Crossing the streams bit, but take this in light (pun intended) of the previous question about detecting alien cultures: one of the classic answers to this question has always been, "we don't know how to detect the kinds of communications that alien civilizations would put out." Imagine, if you will, two continents that can be seen on each other's horizons, one teaming with aboriginal cultures, all of which have stone-age level technology, the other populated with modern cultures that, for whatever reason, choose not to disturb the natives of the other landmass. The lower-tech peoples find themselves convinced that there are no other civilizations outside of their area because when they look across the sea, they don't see any of the types of "light signatures" that they would expect. No smoke signals; no kites; no mountaintop bonfires.

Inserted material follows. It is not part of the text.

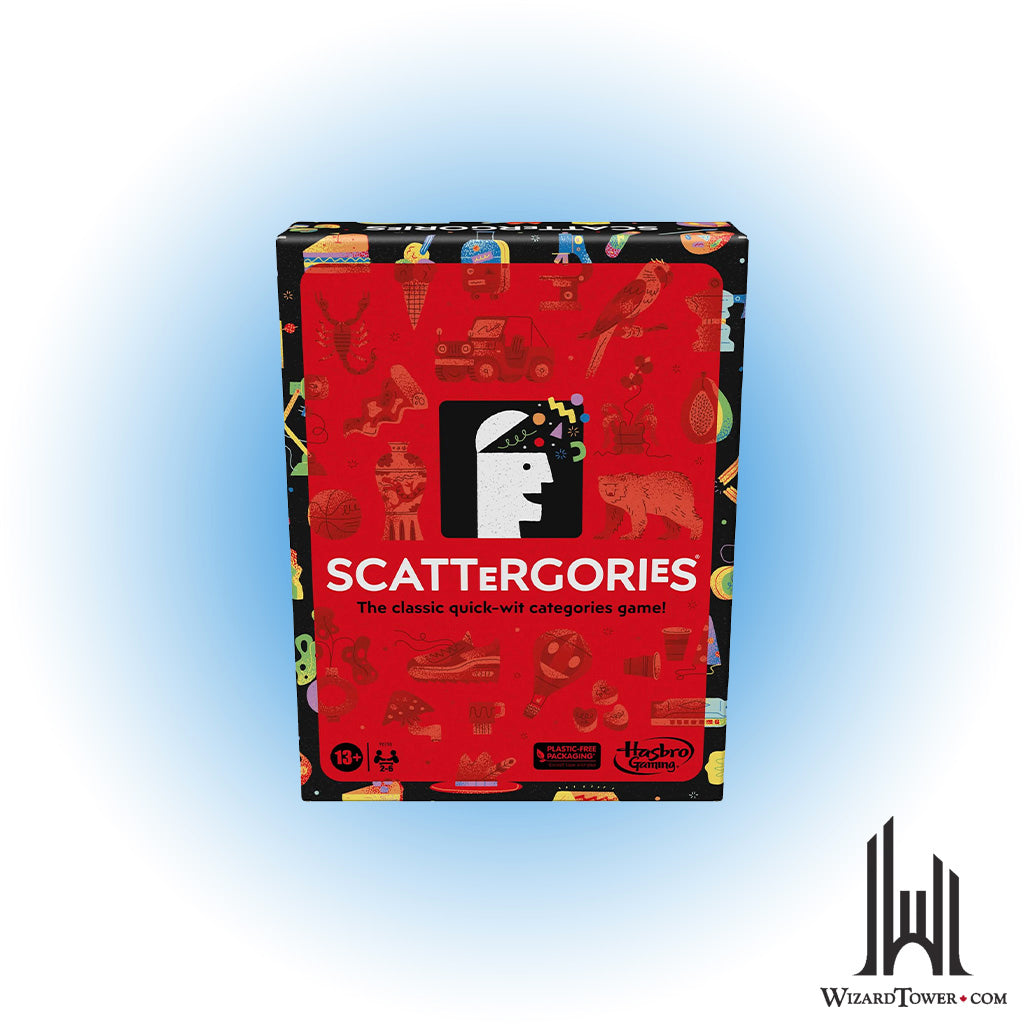 Scattergories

Of course, we're in the same boat. Though we don't know if there are alien civilizations or not, we certainly would not be likely to be able to detect them. We expect to see batches of photons sent in pulses of modulated amplitude or frequency, but what if the information was encoded on photons or "cosmic rays" (which is to say, near-speed-of-light particles)? Would there be any detectable signal to us, or would we just see a sea of undifferentiated "noise", unaware of how to read the content, and thus left to assume that we're looking at the result of natural proceses?
So it is similar to the propagation of an EMF wave envelope ?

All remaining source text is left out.